▶ **Exercise directions**:
Nothing should be dropped or changed: copy every line of the listing.

*** Dataset excerpt Section Begins ***

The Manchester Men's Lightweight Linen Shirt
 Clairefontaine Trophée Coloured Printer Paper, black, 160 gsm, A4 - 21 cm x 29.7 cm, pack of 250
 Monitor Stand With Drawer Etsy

*** Dataset excerpt Section Ends ***

▶ **Output of the exercise**:
The Manchester Men's Lightweight Linen Shirt
 Clairefontaine Trophée Coloured Printer Paper, black, 160 gsm, A4 - 21 cm x 29.7 cm, pack of 250
 Monitor Stand With Drawer Etsy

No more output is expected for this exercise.